La mort brutale de l’adolescente perverse ne causa pas grand-peine au prince. Il savait que sur sa pente fatale, la détention ou la mort attendait sa cousine.

Une chose encore tracassait la police. Elle concernait la première descente de son commando au garage.

— Voyons, monsieur Blanvin, ces sauvages molestent votre ouvrier ainsi que sa sœur, détériorent plusieurs de vos belles voitures et vous ne portez pas plainte ?

— Je ne l’ai pas fait pour ma mère et pour celle de la gosse. N’oubliez pas qu’elle était ma cousine. Je n’ai pas voulu aggraver le calvaire de ma parente.

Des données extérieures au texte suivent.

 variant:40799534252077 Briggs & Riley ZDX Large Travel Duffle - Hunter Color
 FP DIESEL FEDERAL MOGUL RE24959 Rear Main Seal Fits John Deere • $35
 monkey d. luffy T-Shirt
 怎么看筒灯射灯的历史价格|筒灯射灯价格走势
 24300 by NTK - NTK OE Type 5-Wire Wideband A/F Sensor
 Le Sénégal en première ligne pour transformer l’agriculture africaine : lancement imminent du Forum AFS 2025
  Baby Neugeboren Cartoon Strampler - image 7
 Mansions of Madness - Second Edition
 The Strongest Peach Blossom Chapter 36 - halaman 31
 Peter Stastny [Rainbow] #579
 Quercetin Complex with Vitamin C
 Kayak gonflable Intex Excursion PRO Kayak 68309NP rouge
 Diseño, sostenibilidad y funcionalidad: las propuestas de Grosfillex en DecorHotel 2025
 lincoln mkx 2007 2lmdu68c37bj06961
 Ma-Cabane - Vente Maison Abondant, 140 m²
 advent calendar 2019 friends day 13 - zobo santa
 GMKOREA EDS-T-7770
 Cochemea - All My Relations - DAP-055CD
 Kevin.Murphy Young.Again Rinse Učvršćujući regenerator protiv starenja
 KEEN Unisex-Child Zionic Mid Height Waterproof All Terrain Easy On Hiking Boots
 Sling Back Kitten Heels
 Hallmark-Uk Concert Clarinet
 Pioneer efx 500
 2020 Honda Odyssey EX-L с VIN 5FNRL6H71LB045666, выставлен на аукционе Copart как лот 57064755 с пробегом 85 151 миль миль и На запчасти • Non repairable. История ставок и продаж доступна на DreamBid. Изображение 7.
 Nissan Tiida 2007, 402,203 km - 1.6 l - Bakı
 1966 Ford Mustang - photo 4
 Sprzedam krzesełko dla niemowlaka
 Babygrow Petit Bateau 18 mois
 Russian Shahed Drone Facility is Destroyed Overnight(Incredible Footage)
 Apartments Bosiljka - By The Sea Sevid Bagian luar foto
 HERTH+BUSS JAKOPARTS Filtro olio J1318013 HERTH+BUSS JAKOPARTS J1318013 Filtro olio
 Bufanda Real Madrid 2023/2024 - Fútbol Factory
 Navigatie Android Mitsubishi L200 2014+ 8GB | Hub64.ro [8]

L’interrogatoire avait lieu dans la tisanerie de l’étage qui faisait face à la salle où l’on soignait Edouard. Le prince était assis, mais les policiers et Crémona devaient rester debout, ce qui abrégea l’affaire. Après le départ des enquêteurs, Blanvin demanda à l’avocat quelle peine la jeune Arabe encourait.

— La légitime défense étant acquise, pas grand-chose, avec un bon avocat. Cela dit, ma conviction, d’après ce que les inspecteurs m’ont confié, est qu’elle est bonne pour le cabanon. Il paraît que cette jeune personne donnait auparavant certains signes de… heu… déséquilibre. Subir des violences barbares et faire éclater la tête de quelqu’un ne constituent pas une thérapie positive.

« Bavard ! Cher bavard impénitent ! »

Henry Crémona aimait les mots, les triait avec soin, comme une fillette trie des perles pour se faire un collier ; en suçotait certains au passage.